Additionally, 67 percent believed Britain had handled vaccination programmes better than the EU.
More Leavers (83 percent) felt this way – but even 65 percent of Remainers thought the UK’s performance exceeded that of the bloc.
The UK’s vaccination rate is among the highest in the world, significantly outstripping that of the EU, where the rollout programme has been hampered by a centralised approach and problems procuring jabs.
In the UK, 41.65 jabs have been administered per every 100 people, compared with 12.54 across the EU27, according to the Our World In Data website.

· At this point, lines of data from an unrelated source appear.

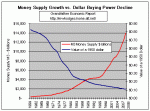 m3-vs-cpi.gif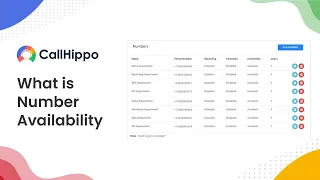 Number Availability: Set your working hours & availability | CallHippo Feature Video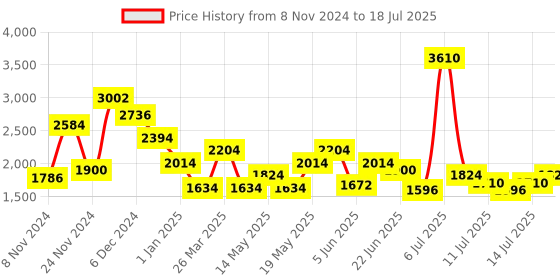 myntra.com HIE Self Design Structured Handheld Bag hie Price History Graph from 8 Nov 2024 to 14 Jul 2025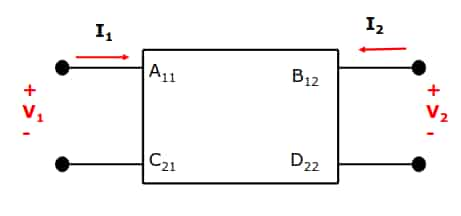 Transmission parameters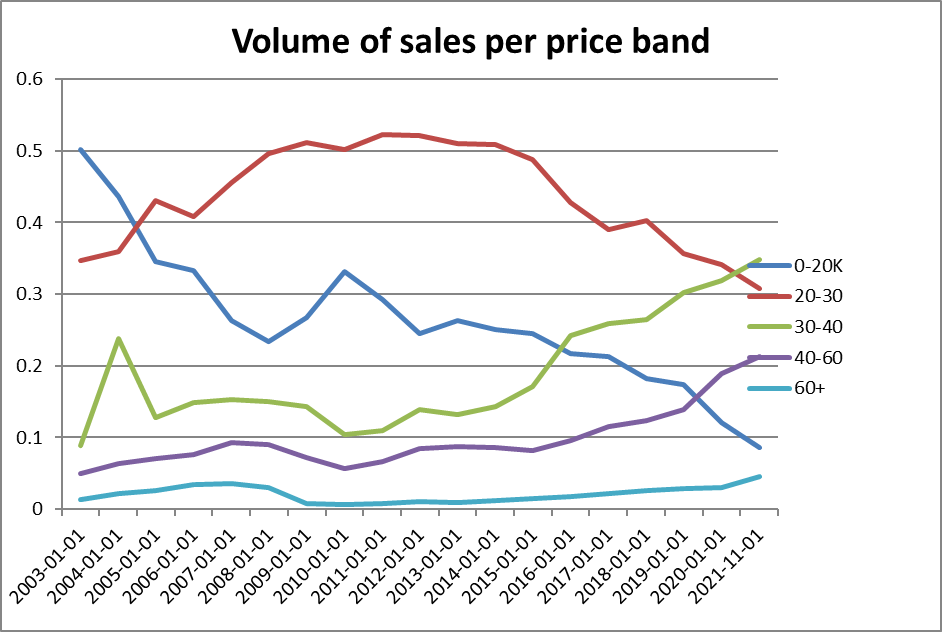 Average Value of New Car in Ireland Now Over €35,000 Cartell Car Check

READ MORE: EU vaccine bullies – VDL threatens to block AstraZeneca exports
Boris Johnson’s UK has administered a far higher proportion of vaccines than the EU
Kelly Beaver, managing director of Public Affairs at Ipsos Mori, said: “There is no denying that at the start of the pandemic we were all venturing into the unknown, the Government included, and it took heavy criticism of its initial actions, most notably its handling of PPE and the tragic death toll.
“However, our latest polling shows that despite these issues the British public feel that overall the Government have done well compared to its EU counterparts, no doubt a halo effect of the vaccination programme that has, to date, been incredibly successful.”
Ipsos Mori interviewed 2,385 British adults aged 16 and over online between March 12 and 15.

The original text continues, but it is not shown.